Liam Neeson is perfectly case as a desolate tough hero with quiet intensity. There are a few moments which may take you back to “Taken”(2008) and his other recent action thriller films, but he gives a more nuanced performance which slowly reveals his complex character’s steely side along with deep remorse and guilt remaining inside him. Neeson is always good at internalizing heroes haunted by their checkered past, and his performance reminds us again that this wonderful actor is too good to be wasted in passable films like “Non-Stop”(2014).
The supporting actors surrounding Neeson give different shades to the story through their good performances.

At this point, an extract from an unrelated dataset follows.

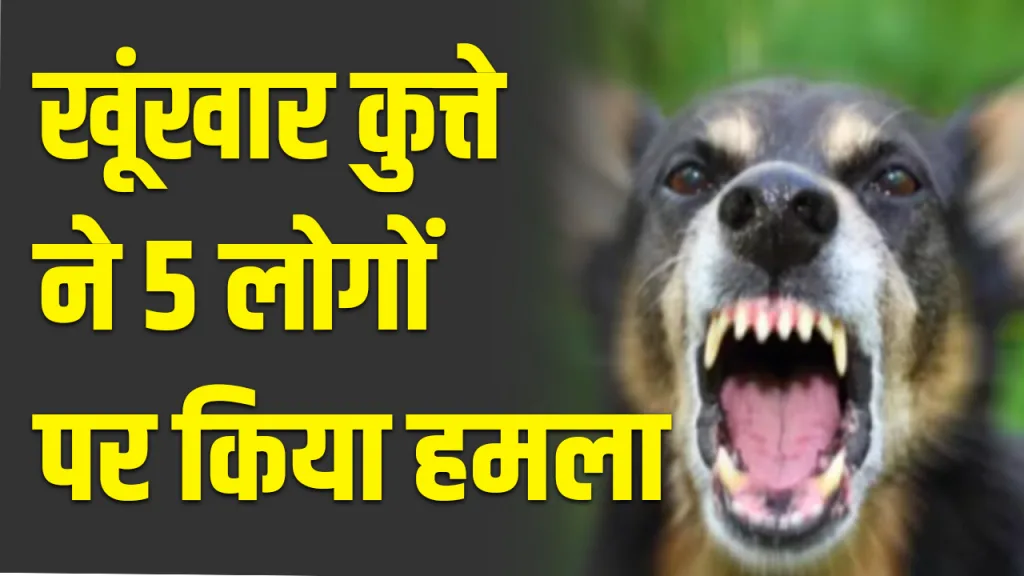 rewari dog attack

While Dan Stevens and Boyd Holbrook give human aspects to their characters, David Harbour and Eric Nelsen are utterly vile and frightening as the villains of the movie, and young actor Brian “Astro” Bradley holds his place as a bright homeless kid who becomes close to Scudder after their chance encounter.
While there are notable missteps in the film(its climax intercut with each step of the 12-step program feels more like an overkill despite its dramatic intent), “A Walk Among the Tombstones” is effective as a crime thriller, and I was stimulated by the skills and techniques put into the film. Its trailer makes it look like another action flick featuring Liam Neeson, but this is a completely different kind of film, and it will satisfy you if you are ready for a well-made film which is dark, gritty, and haunting enough to linger on your mind even after its end credits.